Jump…”Stop it”…jump…”Stop it”…jump…BANG!  In this particular scenario my first instinct was to yell out: “Good!  I hope it hurt!”  I don’t imagine this is a normal motherly reaction. 
The other thing I like to let Carter do is say inappropriate things because they’re funny. 
It was the week of the big Pats/Jets playoff game and when I came home from work one night my husband said "Um, so, your sister taught Carter how to say 'The Jets are poop' when she was babysitting today.  He’s been saying it on and off for the better part of an hour."
I looked at him in surprise and said "OH MY GOD....That's awesome!!"

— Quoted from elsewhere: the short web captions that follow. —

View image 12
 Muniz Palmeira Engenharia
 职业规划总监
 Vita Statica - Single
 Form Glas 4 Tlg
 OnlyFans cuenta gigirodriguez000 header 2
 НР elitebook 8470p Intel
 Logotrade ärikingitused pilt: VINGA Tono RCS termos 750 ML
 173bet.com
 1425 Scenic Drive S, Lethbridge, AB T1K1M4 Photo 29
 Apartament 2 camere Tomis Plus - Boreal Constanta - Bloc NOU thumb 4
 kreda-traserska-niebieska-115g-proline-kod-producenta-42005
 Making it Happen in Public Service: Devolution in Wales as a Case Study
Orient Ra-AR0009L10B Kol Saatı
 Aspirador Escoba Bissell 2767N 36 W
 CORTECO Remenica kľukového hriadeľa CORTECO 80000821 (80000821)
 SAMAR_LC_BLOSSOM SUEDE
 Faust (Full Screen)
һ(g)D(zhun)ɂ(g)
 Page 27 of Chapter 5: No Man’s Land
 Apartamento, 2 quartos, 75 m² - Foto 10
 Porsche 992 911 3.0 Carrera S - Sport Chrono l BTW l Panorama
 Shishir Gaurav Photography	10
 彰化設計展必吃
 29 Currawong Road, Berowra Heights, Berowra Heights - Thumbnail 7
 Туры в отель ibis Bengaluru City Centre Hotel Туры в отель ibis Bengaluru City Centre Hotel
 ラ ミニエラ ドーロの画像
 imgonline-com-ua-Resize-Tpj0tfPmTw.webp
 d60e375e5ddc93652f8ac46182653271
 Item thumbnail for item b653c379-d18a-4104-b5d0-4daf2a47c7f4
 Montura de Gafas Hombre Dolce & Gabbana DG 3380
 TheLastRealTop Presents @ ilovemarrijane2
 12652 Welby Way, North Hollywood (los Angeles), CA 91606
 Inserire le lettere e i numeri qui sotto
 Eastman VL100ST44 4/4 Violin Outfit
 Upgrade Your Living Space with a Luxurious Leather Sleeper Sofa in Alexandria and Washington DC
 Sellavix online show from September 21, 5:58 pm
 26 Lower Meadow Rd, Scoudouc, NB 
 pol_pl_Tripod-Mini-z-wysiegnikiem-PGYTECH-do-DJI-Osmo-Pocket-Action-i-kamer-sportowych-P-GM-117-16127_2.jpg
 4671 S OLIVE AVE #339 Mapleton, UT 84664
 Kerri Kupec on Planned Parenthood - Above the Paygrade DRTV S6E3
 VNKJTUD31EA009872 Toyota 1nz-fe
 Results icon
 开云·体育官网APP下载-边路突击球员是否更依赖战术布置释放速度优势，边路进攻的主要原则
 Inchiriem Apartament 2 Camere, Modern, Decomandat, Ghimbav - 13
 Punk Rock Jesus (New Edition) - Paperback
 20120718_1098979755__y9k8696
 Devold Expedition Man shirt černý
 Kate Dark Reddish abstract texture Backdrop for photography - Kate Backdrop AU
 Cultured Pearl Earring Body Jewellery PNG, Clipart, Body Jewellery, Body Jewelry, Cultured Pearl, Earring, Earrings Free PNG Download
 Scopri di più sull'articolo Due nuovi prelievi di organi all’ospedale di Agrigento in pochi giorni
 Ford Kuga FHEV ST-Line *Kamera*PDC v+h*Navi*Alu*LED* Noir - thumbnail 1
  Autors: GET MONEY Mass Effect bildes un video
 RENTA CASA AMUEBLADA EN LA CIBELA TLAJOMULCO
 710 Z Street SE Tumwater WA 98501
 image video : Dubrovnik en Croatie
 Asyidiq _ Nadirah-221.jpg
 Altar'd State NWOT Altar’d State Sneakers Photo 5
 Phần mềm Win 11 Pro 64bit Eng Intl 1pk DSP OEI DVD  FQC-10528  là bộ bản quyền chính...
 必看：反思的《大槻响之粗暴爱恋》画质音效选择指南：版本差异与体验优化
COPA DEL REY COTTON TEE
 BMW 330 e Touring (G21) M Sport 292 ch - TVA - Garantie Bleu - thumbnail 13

My husband occasionally works from home.  One day he had called into a meeting.  He had his very serious business voice on and was using important industry terms and such. The whole time Carter was in the background chanting "Pooping on the potty...yeah, yeah ,yeah!" And I didn't stop him.  Cause it was funny.  I’m actually laughing about it right now…
He’ll say these things at preschool one day.  Then it will be significantly less funny.
I really, really hope he doesn’t ever repeat anything that I say to his friends, teachers, social workers…
I mean, we’ll probably be ok.  We all know how I always watch my mouth around my children, how I never yell and always treat others with respect and…No, really, I can’t even finish that sentence.  It’s too ridiculous.
I don’t know WHERE he picked up the phrase “Oh fuck!” but don’t be surprised if you drop something and he yells that out.  Cause, yeah, it’s happened.  Nice, Danielle.  Real nice. 
But sometimes the things he says that he’s gotten from me are funny in a sort of appropriate way (No, really!)
Whenever we see rude behavior I try to use it to teach him a lesson. “Now see Carter, that lady bumped right into us and didn’t even say excuse me!  Oh, what’s that, Mam?  You can hear me?  Weird.”
We were leaving the doctor’s office one day and the man in front of us didn’t hold open the door.  So Carter screamed right behind him “HEY!  He didn’t hold the door for us!  That was mean!” 
See, he speaks the truth!
But then there are always the other things he’s heard me say…like when he pointed to my margarita and said "Can I have that too?" And I told him, "Sorry hunny! This isn't for you...it's because of you."
Unfortunately, I also speak the truth.